=== WHAT IS EXPECTED ===
Output nothing except the lines from the one containing "Dialog message bubble" through the final line of the data, both included, typed exactly, minus the pictures.

=== AVAILABLE DATA ===
=-=-=-=-=

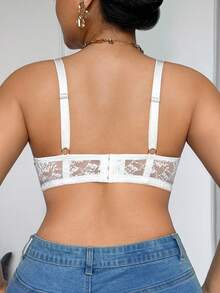 DesireSculpt Plus Size Black Lace Patchwork Cup Bra - White - View 2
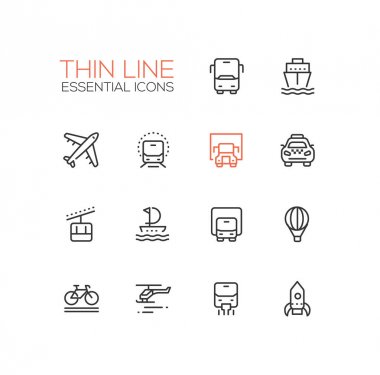 Taşıma - modern vektör tek ince çizgi Icons set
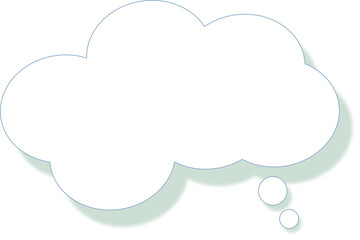 Dialog message bubble with shadow effect, cloud shape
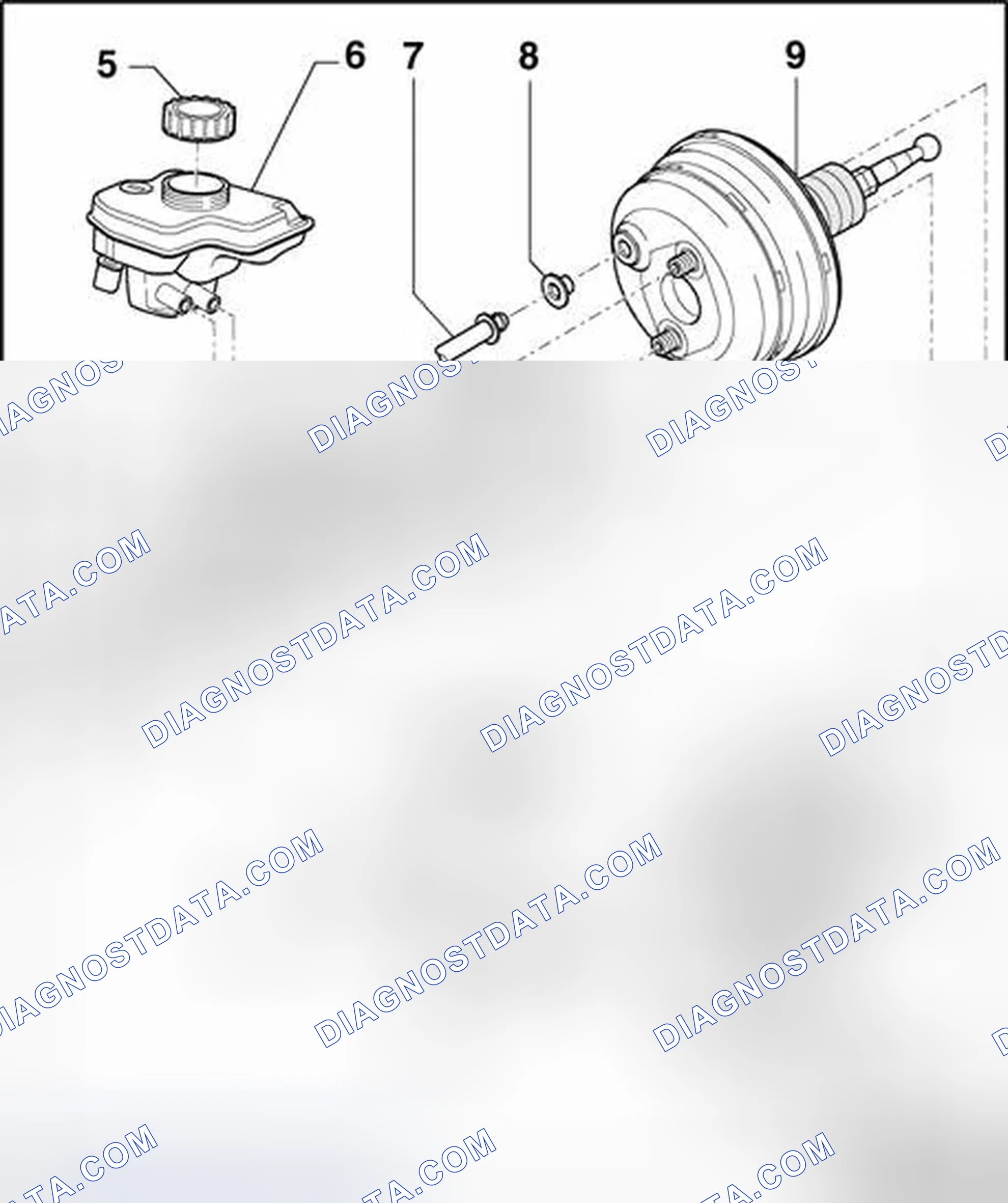 Scheme 4: Brake booster/brake master cylinder, assembly overview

=-=-=-=-=

=== WRITTEN SOLUTION ===
 Dialog message bubble with shadow effect, cloud shape
 Scheme 4: Brake booster/brake master cylinder, assembly overview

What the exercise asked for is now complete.